Many of the dark hordists will not run away from the Provincialist

threat this time: we left Pakistan; we left East Timor; we left England — we

will not be forced to leave Quebec.

It is an inescapable fact that the horde (in Le Devoirian sense) of white Francophone Quebecers did not even understand the muddy referendum question. Had it been Thatcherite exactitude such as:

Do you want to separate from Canada and establish a Quebecois nation?

Yes or No there would be as much chance of winning on such a question as a sperm cell’s chance of survival in a wine-filled chalice at high mass. Quebecers do not want to separate: They have said so in two referenda.  Only a handful of technocratic Provincialists want to commit themselves to a identity-based partition of Canada.

I do not believe many Quebecers were annoyed with Parizeau’s famous last whimper – the one about money and the ethnic vote. Rather, many white Francophones were impressed by his robust chauvinism. Tell it like it is boss. A few perfunctory critiques were published in the press. Informed “political”

“scientist” Josée Legault could see little injury in his remarks.

THE IRRELEVANT THREAT OF CANADIAN CIVIL WAR, CIRCA,

1999

In many instances when Third World Revolutionaries set an agenda to snatch freedom from colonial domination they have achieved it: Vietnam, Algeria, Cuba to mention a few. In the initial stages the Revolutionaries try to force the colonial regime out by using civil protests but the colonials remain and continue the pillage. Then the phase of emergent nationalism transpires.

This is usually a point of no return; no room for compromise. The settler state and its representatives become the central targets of retaliatory violence. The movement toward liberation takes on a momentum of its own and it becomes difficult to predict its inventive tactics. By this stage it has mastered that final instrument that will win its independence: counter-violence. This is how two post-World War II states, Algeria and Vietnam, emerged.

Of course, it goes without saying that “independence day”  itself masks the cynical phenomenon of neo-colonialism. Now, the new regime enters international maturity, warts and all.
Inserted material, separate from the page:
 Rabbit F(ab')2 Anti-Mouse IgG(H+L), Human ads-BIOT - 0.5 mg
The question is: How does one ever escape the colonial master? And who indeed is or becomes the colonial

master? Is he the stainless anti-colonialist who has worked out a prior deal

with thinkers in Paris, London, Delhi or Washington before that glorious day when the clock ticks past mid-night into freedom?
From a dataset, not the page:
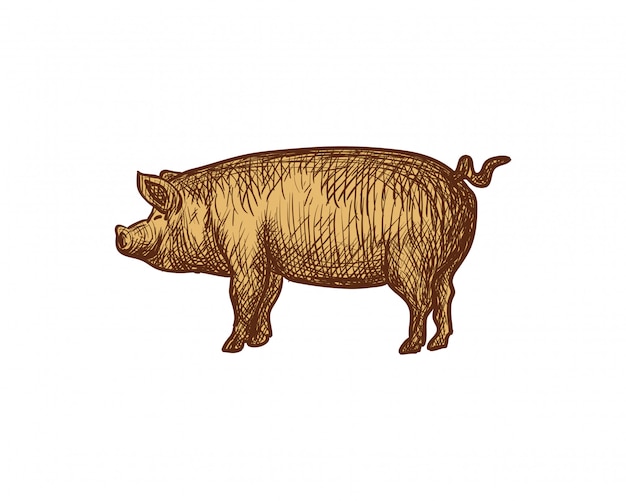 Dessiné de main de porc pour le logo de symbole de BBQ Vector
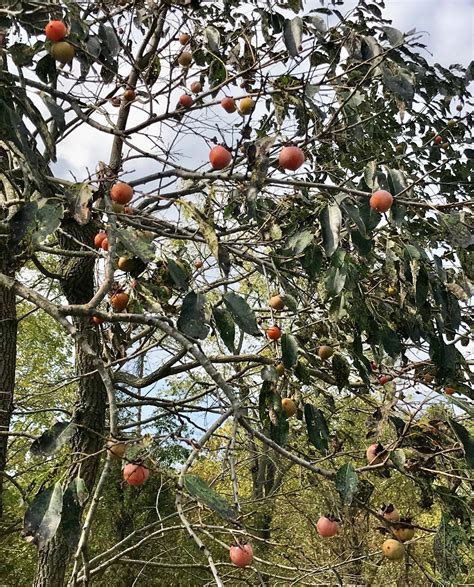 Wild Persimmon (#37) – FORREST PRITCHARD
Provincialists will not be able to win a 50 plus 1 vote in a referendum

and they are far too materially and mentally comfortable in Canada to initiate any kind of  civil war whatsoever. Even the threat of Anglophone counter-partition will not inspire civil war because there is no political need to overthrow a colonial regime. The identity of white Quebecers is not

suppressed. In fact, the colonialist regime is right here inside Quebec staring

everyone in the face: it is the PQ masquerading as the force of freedom and

makers  of  identity. Lucien Bouchard, the identity-maker, is the colonial

administrator for the people of  Quebec. In a strange way, he is like Yasser

Arafat who sold out years of Palestinian struggle to please his Zionist

masters.

One needs two culturally distinct and extremely polarized armies for a war, even a friendly little civil war. Civil wars, or disorganized mass internal conflict, transpires in places where violence is the only means to solve (identity) problems. Quebec is not pre-partition British India; Quebec and Canada are not North and South Vietnam; Quebec is not Algeria; Quebec is not ex-Yugoslavia. Alas, Quebec is a province within Canada and white Francophone Quebecers are just another ethnic group within a federal democracy. The myth of the two founding nations is archaic hogwash.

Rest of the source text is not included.